Eder. Óleo de Irene Gracia
Vicente Verdú
Cerca de la catedral de Santa María en Vitoria que se halla en un largo y meticuloso proceso de restauración se ha erigido una escultura en bronce, a tamaño natural, de Ken Follet. La razón es que Follet se interesó por algunos aspectos del trabajo que después le han venido bien para informar su libro Un mundo sin fin.

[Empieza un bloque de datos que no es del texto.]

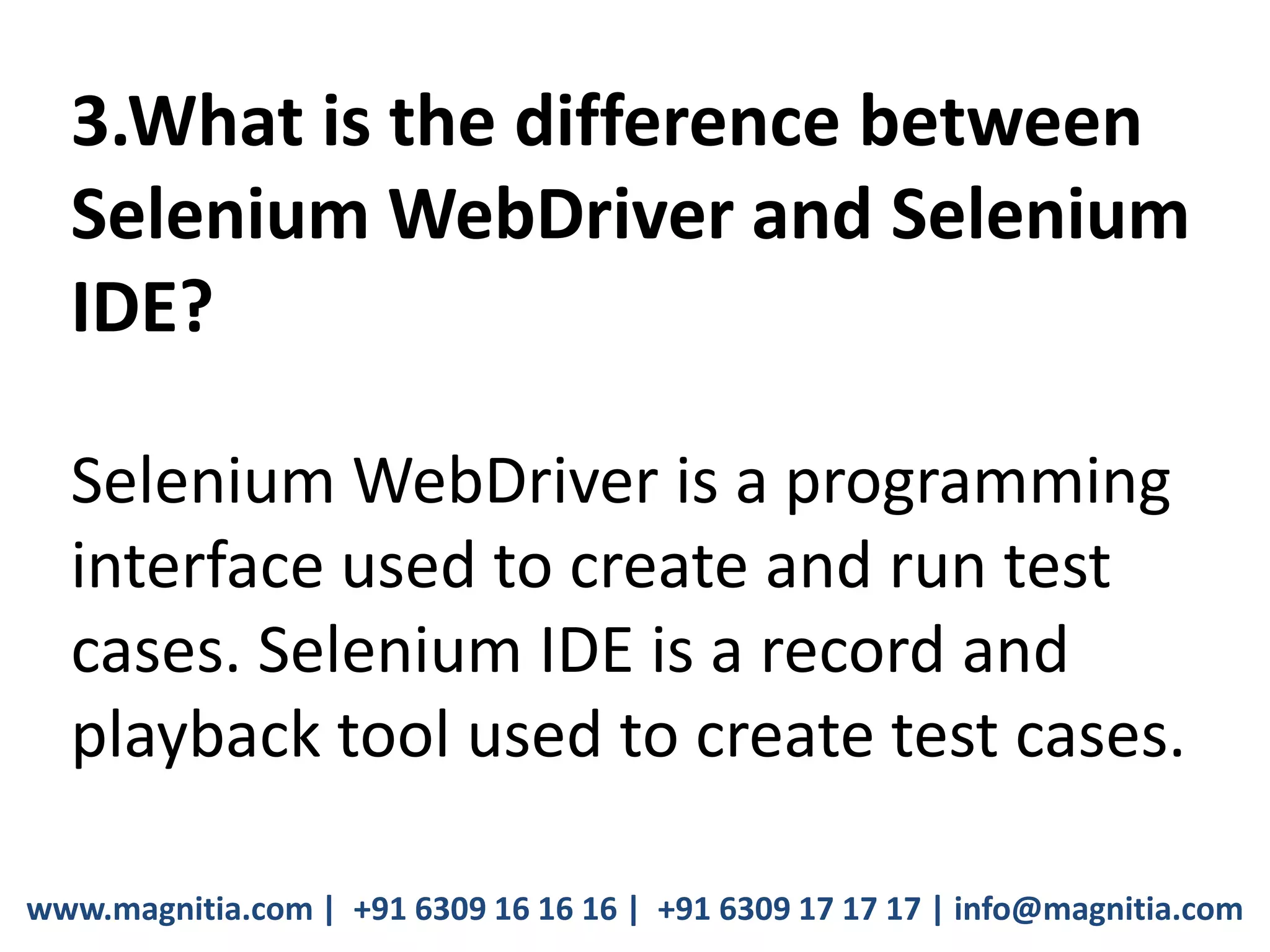 www.magnitia.com | +91 6309 16 16 16 | +91 6309 17 17 17 | info@magnitia.com
3.What is the difference between
Selenium WebDriver and Selenium
IDE?
Selenium WebDriver is a programming
interface used to create and run test
cases. Selenium IDE is a record and
playback tool used to create test cases.
 
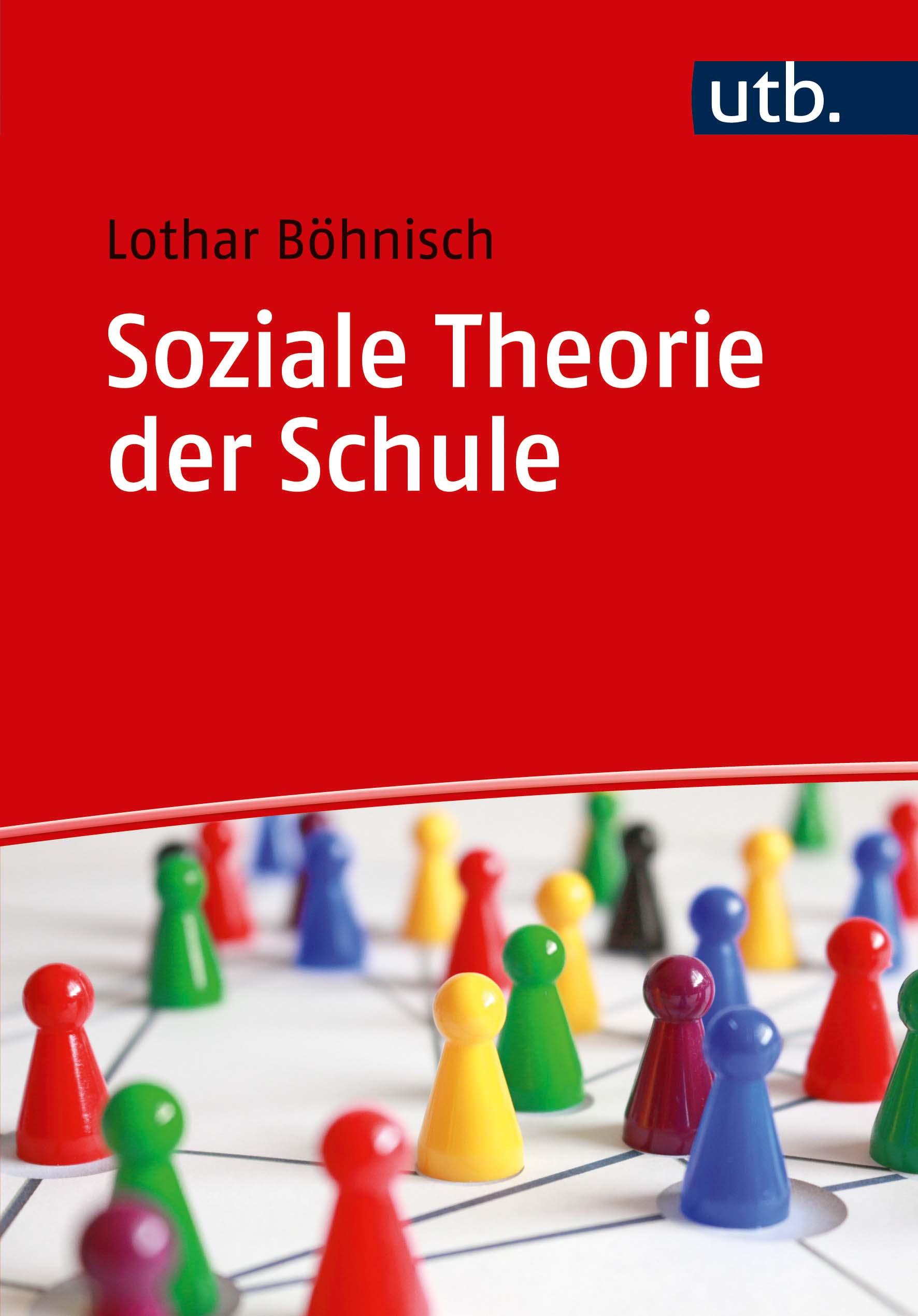 Soziale Theorie der Schule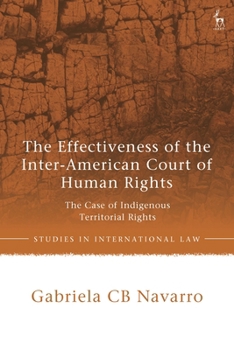 Hardcover The Effectiveness of the Inter-American Court of Human Rights: The Case of Indigenous Territorial Rights Book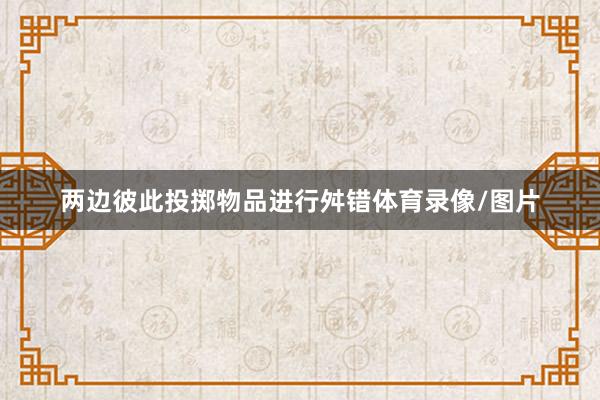两边彼此投掷物品进行舛错体育录像/图片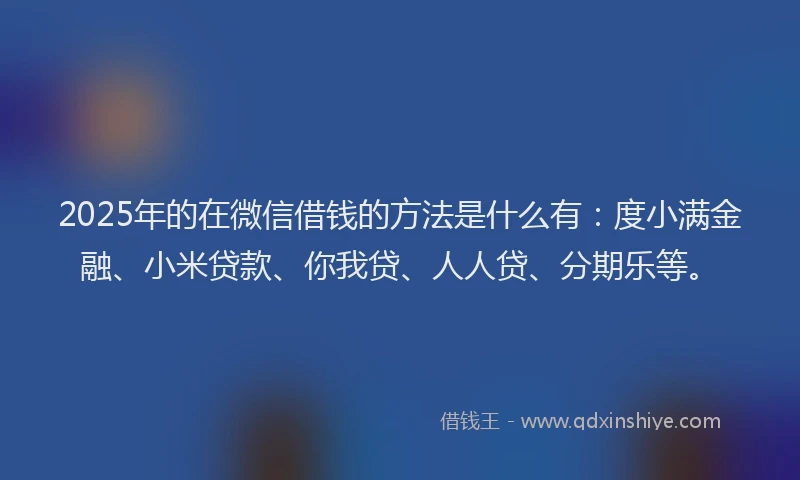 2025年的在微信借钱的方法是什么有：度小满金融、小米贷款、你我贷、人人贷、分期乐等。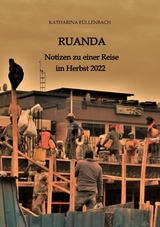RUANDA -  Katharina F&uuml;llenbach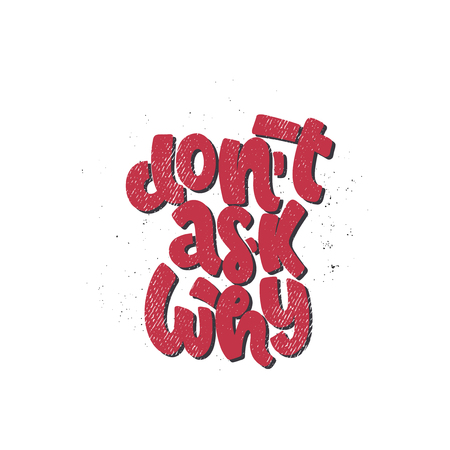 Vector hand drawn illustration. Lettering phrases Don't ask why. Idea for poster, postcard.のイラスト素材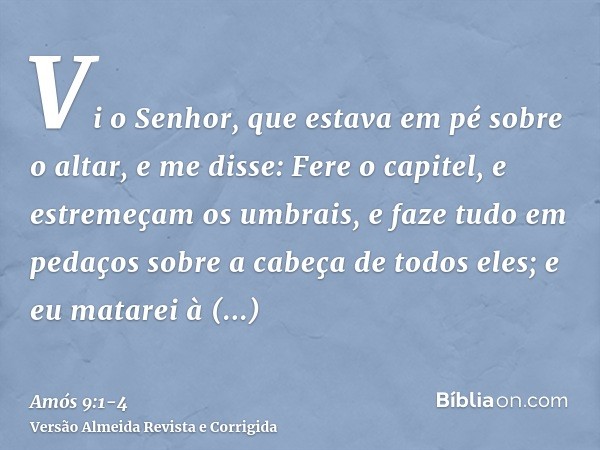 Vi o Senhor, que estava em pé sobre o altar, e me disse: Fere o capitel, e estremeçam os umbrais, e faze tudo em pedaços sobre a cabeça de todos eles; e eu mata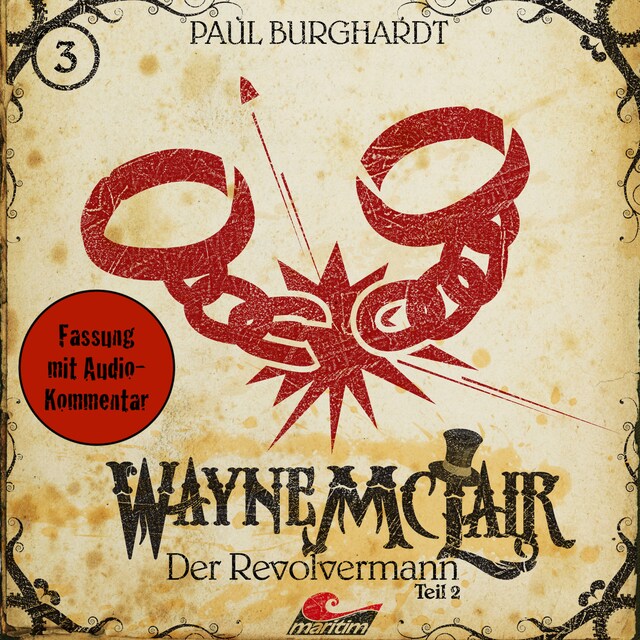 Book cover for Wayne McLair, Folge 3: Der Revolvermann, Teil 2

De la catedral se dice igualmente que será un trabajo de rescate. Un mundo laboral sin fin que hará del proceso mismo el cuerpo de la arquitectura catedralicia. O, de otro modo: la catedral que nunca llegó en el pasado a ser una pieza de una época determinada y sí un monumento de intervenciones diversas, algunas tan desatinadas como bienintencionadas o chapuceras, se ha convertido hoy en una importante atracción turística, una suerte de anti-Guggenheim que basa su fama no en lo construido sino en la magia de la reconstrucción. La obra puede, efectivamente, observarse y palparse como materia de este mundo pero su historia no pertenece al tiempo más mundano o común. En cualquier momento podría darse la obra por culminada en atención a su interminable proceso de reconstrucción pero también podría certificarse con razón como incompleta en vistas a la evidiencia que indica su falta de conclusión. Sin embargo, ¿quién diría ante la imponente belleza de las obras en marcha que su final mostrará una belleza superior? ¿Cómo no lamentar la irremisible pérdida de su encantamiento ahora que no ha concluido el diseño y evitar caer en la obviedad de su previsible final?

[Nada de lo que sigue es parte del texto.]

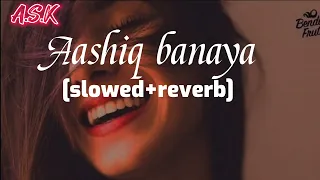 Aashiq Banaya Aapne (Slowed+Reverb) Hot Dance slowed+reverb bollywood hindi lofi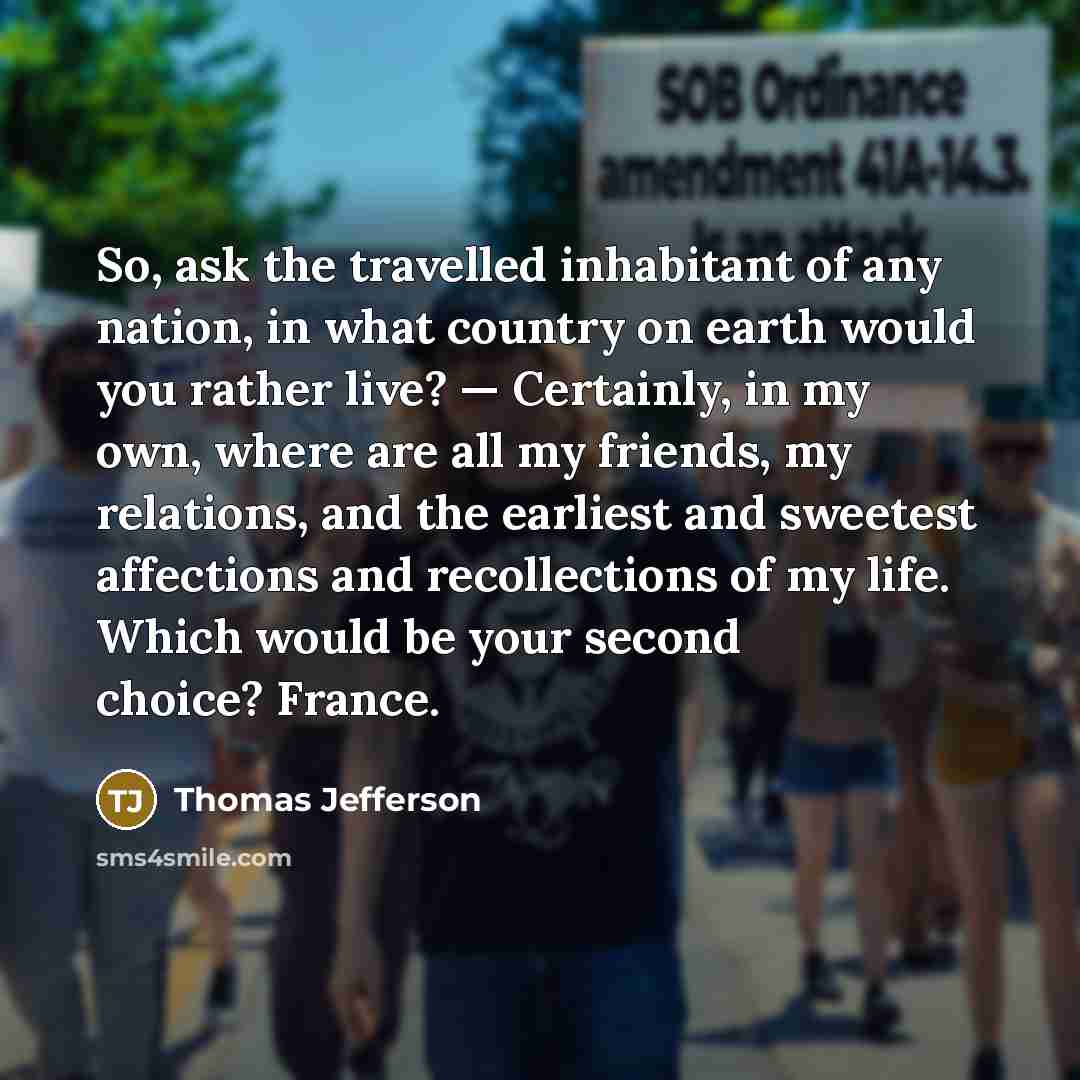 “So, ask the travelled inhabitant of any nation, in what…” quote by Thomas Jefferson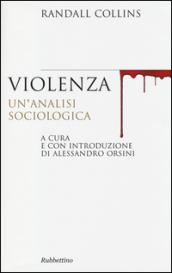 Violenza. Un'analisi sociologica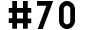 #70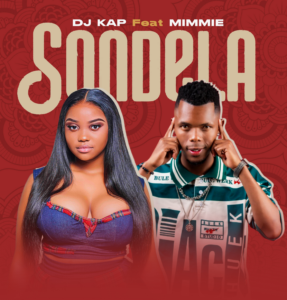 DJ Kap - Sondela Ft Mimmie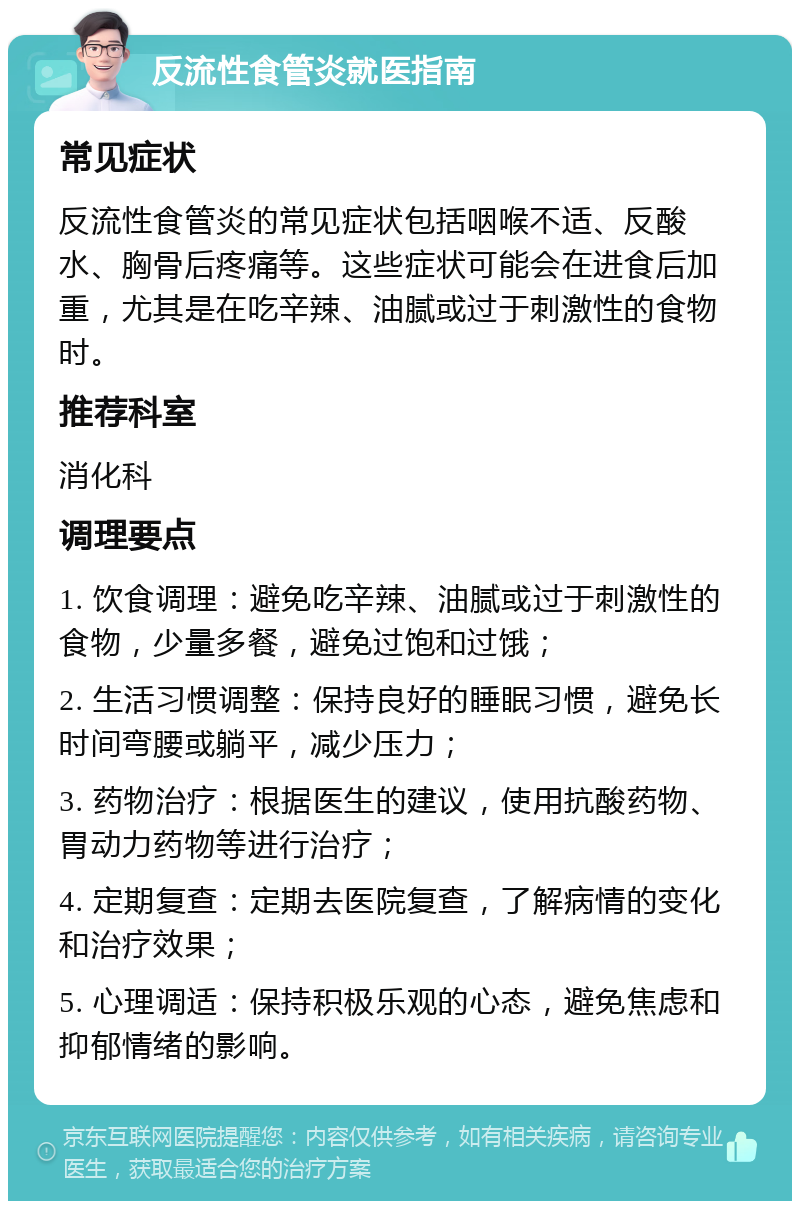 反流性食管炎就医指南 常见症状 反流性食管炎的常见症状包括咽喉不适、反酸水、胸骨后疼痛等。这些症状可能会在进食后加重，尤其是在吃辛辣、油腻或过于刺激性的食物时。 推荐科室 消化科 调理要点 1. 饮食调理：避免吃辛辣、油腻或过于刺激性的食物，少量多餐，避免过饱和过饿； 2. 生活习惯调整：保持良好的睡眠习惯，避免长时间弯腰或躺平，减少压力； 3. 药物治疗：根据医生的建议，使用抗酸药物、胃动力药物等进行治疗； 4. 定期复查：定期去医院复查，了解病情的变化和治疗效果； 5. 心理调适：保持积极乐观的心态，避免焦虑和抑郁情绪的影响。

Todo, prácticamente todo lo conocido, desde la vida personal a la vida de los objetos, desde la obra tecnológica a la obra de arte, halla su punto idóneo en alguna etapa de su desarrollo y no necesaruiamente en su final. La obra de arte, , toda pintura, toda escritura, toda arquitectura, se manifiestan óptimas en un trance inesperado de su composición. Igualmente, el amor no logra su máxina cima al final del tiempo sino en una etapa de su transcurso caundo todavía nos parece que podrá completarse más .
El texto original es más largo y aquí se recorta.